The d'Alembertian is the operator that appears in the electromagnetic wave equation,$\Box^2 \mathbf{E} = \mathbf{0}$ or, alternatively, $\Box^2 \mathbf{B} = \mathbf{0}$ or, in covariant form in the Lorenz gauge, $\Box^2 A^\alpha = 0$ As we know, solutions to the electromagnetic wave equations are waves that propagate at the speed of light (without dispersion) in any direction. So we know something important about the d'Alembertian: it vanishes for waves that travel at the speed of light . So we can say that the d'Alembertian measures how much the function deviates from being a (not necessarily monochromatic plane) wave that travels at the speed of light.
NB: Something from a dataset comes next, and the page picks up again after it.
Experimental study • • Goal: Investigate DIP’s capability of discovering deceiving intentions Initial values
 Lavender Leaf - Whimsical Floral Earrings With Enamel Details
To try to get a bit more clarity on what this means, notice that the d'Alembertian can be written as $\Box^2 = \frac{\partial^2}{\partial(ct)^2} - \nabla^2$ We said the Laplacian is positive for a "cool" point. For the electric and magnetic fields you can think of that as meaning a wave trough. Likewise the Laplacian is negative for a wave crest. So when we're on a crest, the second time derivative has to be negative also in order for the d'Alembertian to vanish. This is indeed what happens on a wave crest (like $$\sin x$$ for $$x \in (0, \pi/2)$$). When we're on a trough, the second time derivative has to be positive.

So when the d'Alembertian is nonzero, it measures deviation from this wavelike behaviour of a crest accelerates downward and a trough accelerates upward. In electrodynamics this happens when we have sources. For instance, inside a uniformly charged sphere rotating around the z-axis, the magnitude of the z-component of the magnetic field increases as we approach the centre of the sphere. So interior points of the sphere are like "permanent crests" or "permanent troughs" in the z-component of the magnetic field. We can superimpose various kinds of electromagnetic waves on this configuration, but as the d'Alembertian is linear, it just "ignores" all the superimposed waves (on which it vanishes) and picks out the field due to the source, that is, the non-wavelike part. The result is nonzero. If we reversed the direction of rotation, we reverse the sign of the d'Alembertian too. In the case that we have a "permanent crest", the d'Alembertian will be positive, and in the case that we have a "permanent trough" the d'Alembertian will be negative.

(Note for the curious: here, $$\Box^2 \mathbf{B} = \mu_0(\nabla \times \mathbf{J})$$, if my math is correct.)

Sorry, I guess this isn't really that intuitive. I'm not sure if I can come up with a more intuitive explanation.

 Strictly speaking, there are also nonphysical solutions that do not represent electromagnetic waves, such as harmonic functions stationary in time. These are nonphysical because they blow up at infinity.